Why don't you provide some comments on how Lisp machines implemented GC acceleration, and how the approach outlined in this paper is worse? Go...

Memory allocation management should not be a big deal, and it is not the kind of problem that can easily be solved at the language level.

Correct memory management needs information on the allocation context, in some cases, it can be handled automatically by a framework (like a game engine) or manually by the coder, but it is really cumbersome to force this into the language...

In my opinion, garbage collection is a bane.


Functional programming can’t really exist in any meaningful way without GC. If you’re not a FP developer, it’s easy to think that memory allocation falls into two categories: a) short-term objects that can be allocated on the stack, or b) long-term objects that the lifetime of can be tracked easily. But with FP a lot of short-term garbage is created that isn’t known at runtime, thus necessitating GC.

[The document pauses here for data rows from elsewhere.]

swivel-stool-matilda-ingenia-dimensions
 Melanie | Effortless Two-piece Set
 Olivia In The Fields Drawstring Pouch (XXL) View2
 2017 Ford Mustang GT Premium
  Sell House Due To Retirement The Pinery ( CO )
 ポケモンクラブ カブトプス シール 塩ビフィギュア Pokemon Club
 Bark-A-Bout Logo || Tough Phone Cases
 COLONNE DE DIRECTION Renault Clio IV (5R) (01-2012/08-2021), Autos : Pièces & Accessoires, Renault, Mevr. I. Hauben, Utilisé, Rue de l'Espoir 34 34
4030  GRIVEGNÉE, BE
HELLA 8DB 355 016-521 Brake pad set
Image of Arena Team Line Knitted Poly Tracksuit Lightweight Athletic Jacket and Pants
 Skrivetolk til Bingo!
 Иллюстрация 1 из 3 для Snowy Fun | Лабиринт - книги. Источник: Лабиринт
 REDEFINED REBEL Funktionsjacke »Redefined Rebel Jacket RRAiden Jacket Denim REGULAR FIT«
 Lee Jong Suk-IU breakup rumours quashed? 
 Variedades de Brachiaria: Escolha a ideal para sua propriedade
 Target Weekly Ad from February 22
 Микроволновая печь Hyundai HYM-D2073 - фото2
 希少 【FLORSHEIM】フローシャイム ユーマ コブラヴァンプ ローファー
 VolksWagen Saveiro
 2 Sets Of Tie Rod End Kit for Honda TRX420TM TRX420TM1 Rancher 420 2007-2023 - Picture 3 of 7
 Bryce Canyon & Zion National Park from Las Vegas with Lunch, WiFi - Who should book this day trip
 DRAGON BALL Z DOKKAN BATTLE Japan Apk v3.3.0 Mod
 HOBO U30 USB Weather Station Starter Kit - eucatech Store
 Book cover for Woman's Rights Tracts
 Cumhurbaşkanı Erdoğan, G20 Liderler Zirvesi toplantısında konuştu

I program professionally in Scala and without GC, the paradigm of strong FP would be (almost) impossible. Fortunately, the JVM handles this pretty exceptionally.

I think a GC in hardware is a fantastic idea and hope Intel and others incorporate it into x86-64. I don’t know how practical this is as I’m not a hardware guy, but a hyper-efficient pauseless concurrent GC that could keep garbage out of the cache sounds like a massive win in my book.


> that isn’t known at runtime

Typo: s/runtime/compile time

Also, this isn't particular to FP; every style of programming requires dynamic memory management for real-world programs (modulo pedantry about embedded programming).